Oscar-winning director William Friedkin, whose credits include "The French Connection" and "The Exorcist," said a membership-wide debate should have taken place "before you take down what is arguably the greatest name in American film."
"The Directors Guild pays for the maintenance of Griffith's grave because he died a pauper," Friedkin said. "Are they now going to contest that?" [The DGA Foundation, since 1949, has maintained a perpetual memorial at Griffith's grave site in Crestwood, Ky.]
Shea said that seeking a membership vote would have been "very unwieldy," and added that "the membership didn't have anything to do with the formation of this award." That decision, he said, rests with the guild president in consultation with past presidents.
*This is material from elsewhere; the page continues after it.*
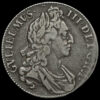 1695 William III Early Milled Silver Octavo Crown Obverse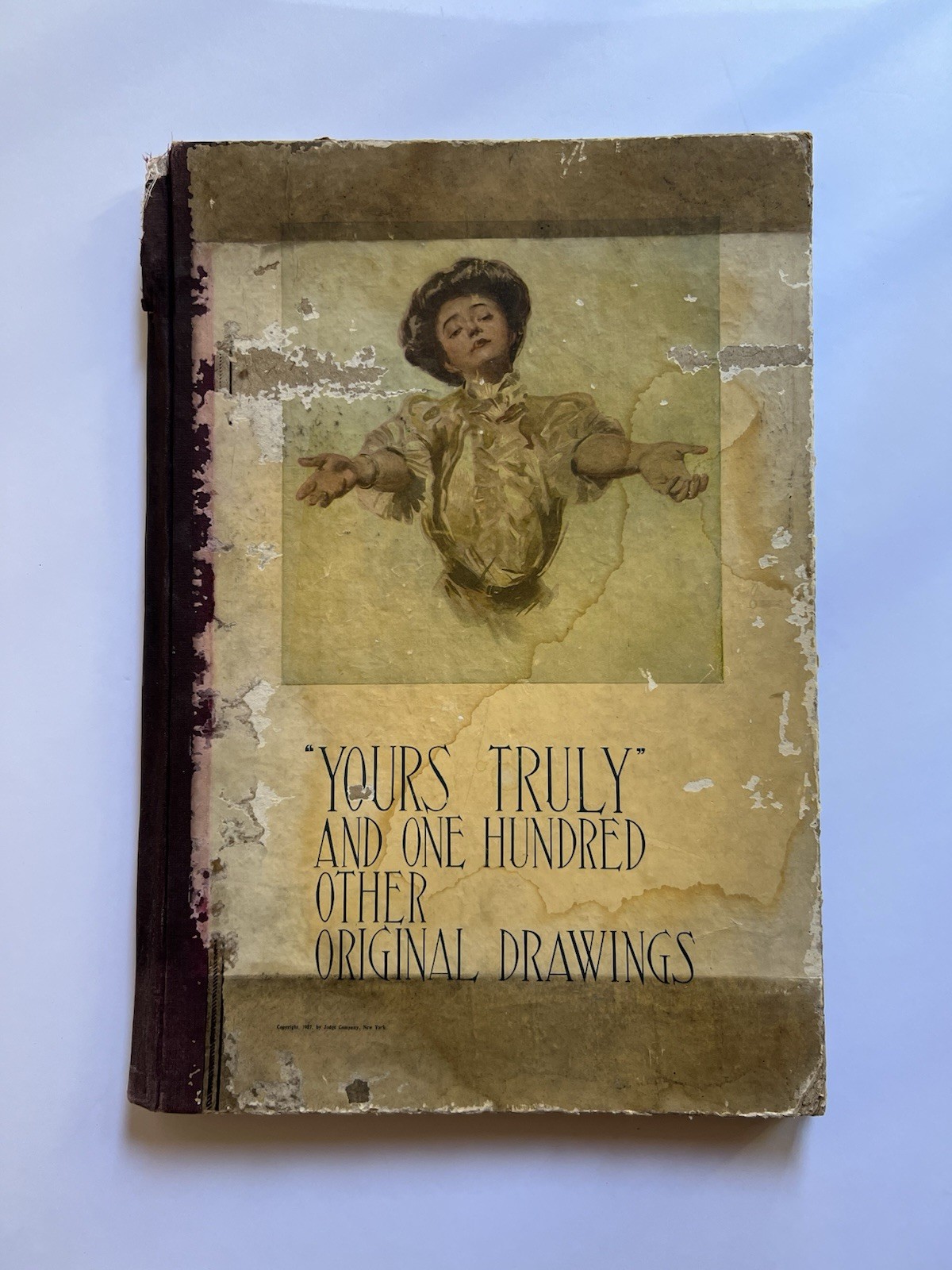 1908 Antique Art Book Yours Truly & 100 Original Drawings Flagg Stanlaws 6th Ed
The guild will continue to prominently display Griffith's photo along with past award winners outside the sixth-floor boardroom at DGA headquarters.
In his 1988 book "Blacks in American Films and Television," Donald Bogle wrote that Griffith introduced "the mass movie audience to the black film stereotypes that were to linger in American films for the next 70-some years--the noble, loyal manageable Toms, the clownish coons, the stoic hefty mammy, the troubled 'tragic' mulatto and the brutal black buck."
"In the fields, darkies contentedly pick cotton," Bogle writes of Griffith's depiction of the pre-Civil War South. "Mammy joyously runs the big house. All is calm, at peace, in order during these glory days of the Old South."
Then Reconstruction rears its head.
"The old slaves quit work to dance," Bogle adds. "They roam the streets, shoving whites aside. They take over the political polls, disenfranchising the white citizens. A black political victory culminates in an orgiastic street celebration. Blacks dance, sing, drink, rejoice. Later they conduct a black Congressional session. . . . They gnaw on chicken legs and drink whiskey from bottles while sprawling with bare feet upon their desk."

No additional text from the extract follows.